This infrastructure governs how files move between organizations and how combined outputs relate back to their sources, recording every access request, approval, transfer, and reuse decision on-chain.

The access request workflow runs through Request, Approve, Fulfill, and Download, while reuse evaluation checks purpose against 7 Creative Commons license types with expiration enforcement and derivative restrictions. A decision chain tracing audits who approved what and when.

Code: github.com/WhoisHOO/demeter-si-infrastructure (private during review)
Sourced by: Cho, Y., Yu, Z., & Ampatzidis, Y. Under review.

5 TI, Transformation Integrity for Agricultural Data Sharing Go · Hyperledger Fabric · SHA-256

When a file is transformed into a new file (e.g., raw sensor data into a loss appraisal), the new file has different content and a different fingerprint. The downstream party cannot determine which input was used or what operation was performed, because that information exists only inside the producing party's system.

This infrastructure lets a downstream party determine the declared registered input and declared operation for a transformed file using only the shared ledger, without contacting the producing environment.

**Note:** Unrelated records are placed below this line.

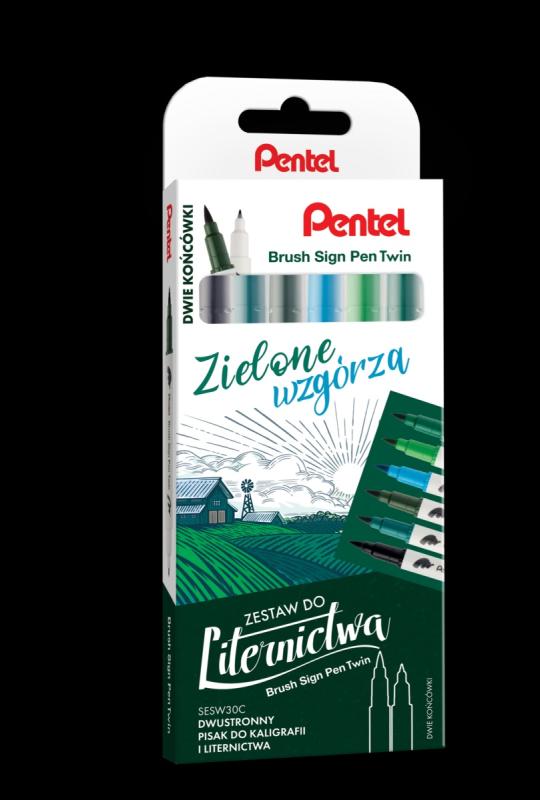 PISAK PĘDZELKOWY BRUSH KOMPLET A/6 ZIELONE WZGÓRZA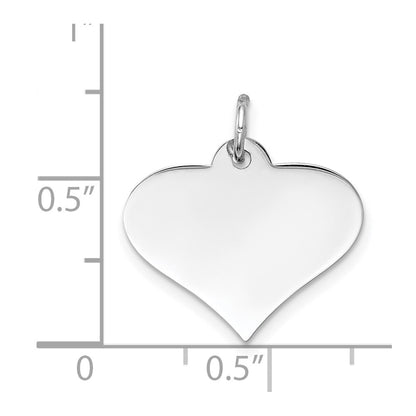 14k White Gold Plain Engraveable Heart Disc Charm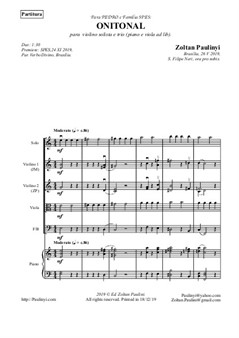 Onitonal for solo beginner violin (ad libitum: piano, string quartet or 2 violins, optional viola and cello or bassoon)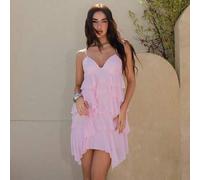 Sommerliches Strandurlaubs-Kleid in leuchtendem Rosa, Chiffonkleid mit Lotusblatt-Volants, Trägerkleid, Musik-Festival-Kleidung, Country-Musik-Festiva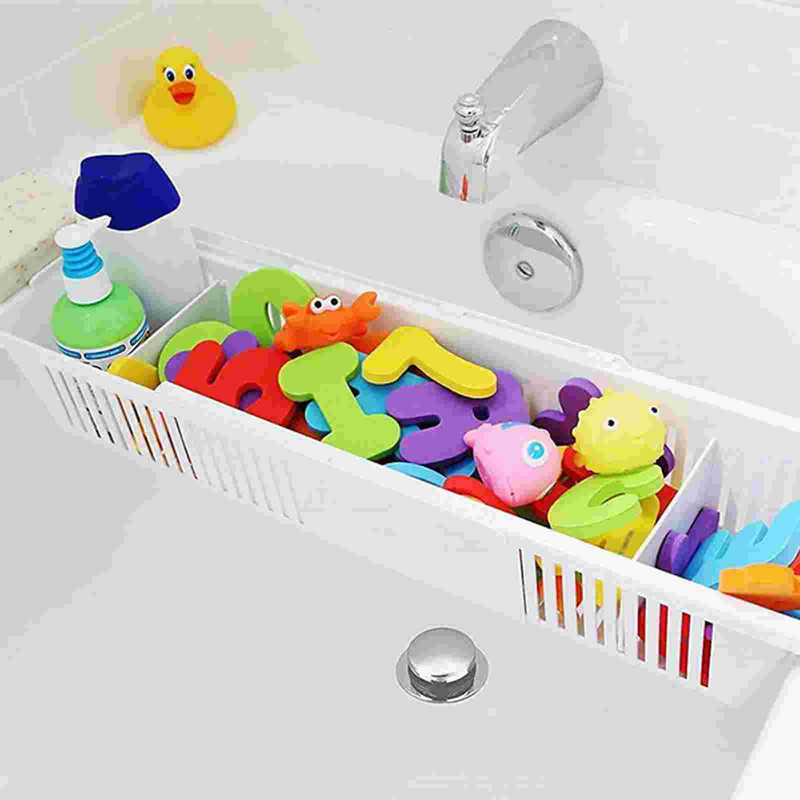 1vnt Creative Vonios žaislų stovas Plastikinis vonios stovas maudymosi padėklas baltas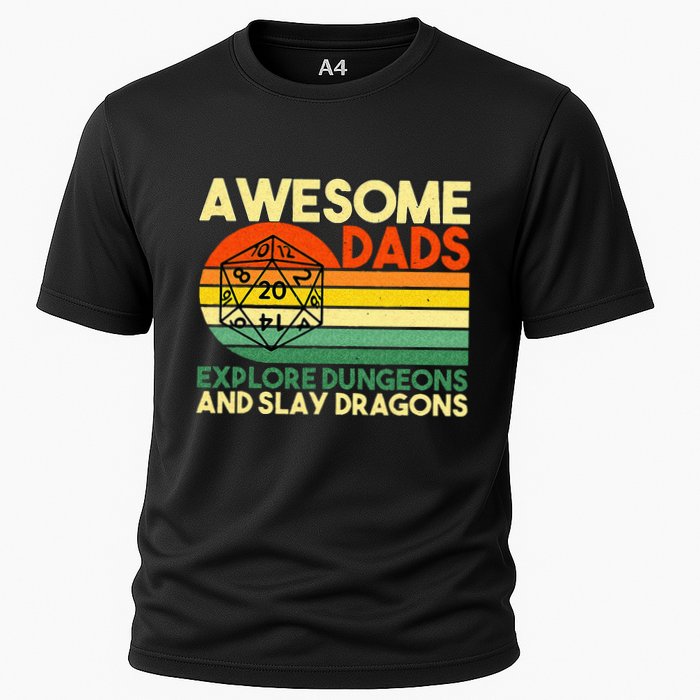 Awesome Dads Explore Dungeons DM RPG Dice Dragon Performance Shirt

The processor writes a declaration to the ledger linking input File ID to output File ID with an operation label, and declarations referencing unregistered inputs are rejected. Inspection follows the chain backward and returns one of three states: resolved, resolved with gap, or no declaration.

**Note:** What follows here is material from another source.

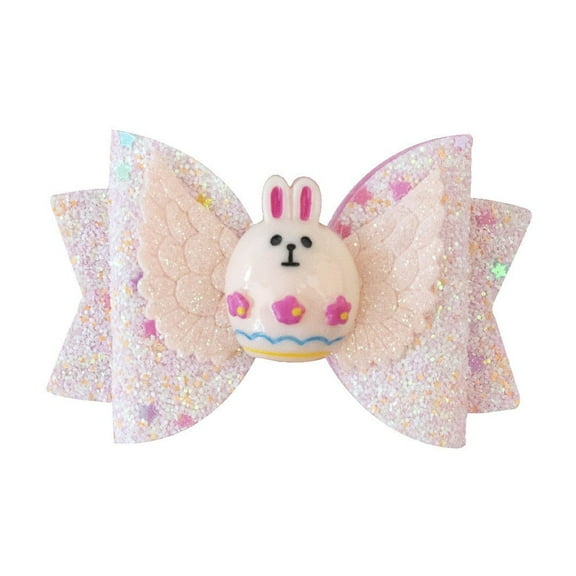 Jiyike Easter Hair Clips For Kids Bunny Sequin Bow Hairpins For Girls Adorable Cartoon For Easter Parties Birthday And Stage Performances Durable Hair Accessories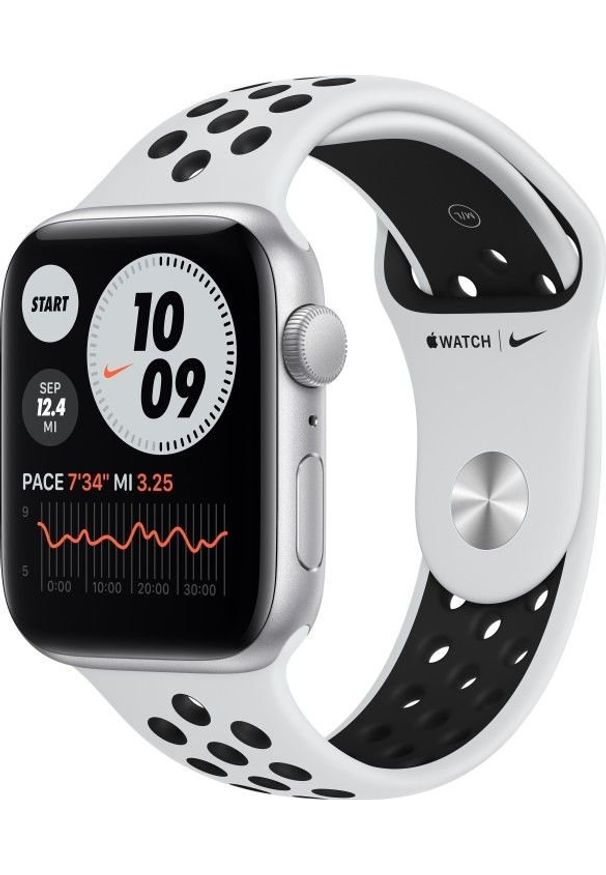 APPLE - Smartwatch Apple Watch SE Nike GPS 44mm Silver Alu Platinium Sport Biały (MYYH2FD/A). Rodzaj zegarka: smartwatch. Kolor: biały. Styl: sportowy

Importantly, TI verifies the consistency of a transformation declaration, not the correctness of the transformation process itself. This boundary keeps infrastructure-level claims honest: the system records what was declared, not whether the operation produced a semantically correct result.

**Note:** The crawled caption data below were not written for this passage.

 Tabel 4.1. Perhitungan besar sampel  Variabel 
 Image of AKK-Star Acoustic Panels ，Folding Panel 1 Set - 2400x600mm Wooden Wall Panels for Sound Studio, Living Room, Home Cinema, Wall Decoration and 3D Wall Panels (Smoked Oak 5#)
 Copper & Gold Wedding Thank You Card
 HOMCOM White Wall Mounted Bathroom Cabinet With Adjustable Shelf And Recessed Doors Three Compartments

Validation used a two-stage chain (farmer registers, ATP-A transforms, ATP-B transforms again). The downstream party retrieves the full chain in one query, and declaration-time validation correctly rejects unregistered inputs.

Code: github.com/WhoisHOO/demeter-ti-infrastructure (private during review)
Sourced by: Cho, Y., Yu, Z., & Ampatzidis, Y. An Infrastructure for Determining the Declared Registered Input and Operation for a Transformed Agricultural File. Under review.

6 DV, File Origin Verification for Agricultural Data Sharing Go · Hyperledger Fabric · SHA-256

When a farmer sends a file to an advisor, and the advisor sends it to a certifier, the certifier has no way to check whether the file matches what the farmer originally recorded. The farmer's computer may be off, and no shared record connects them.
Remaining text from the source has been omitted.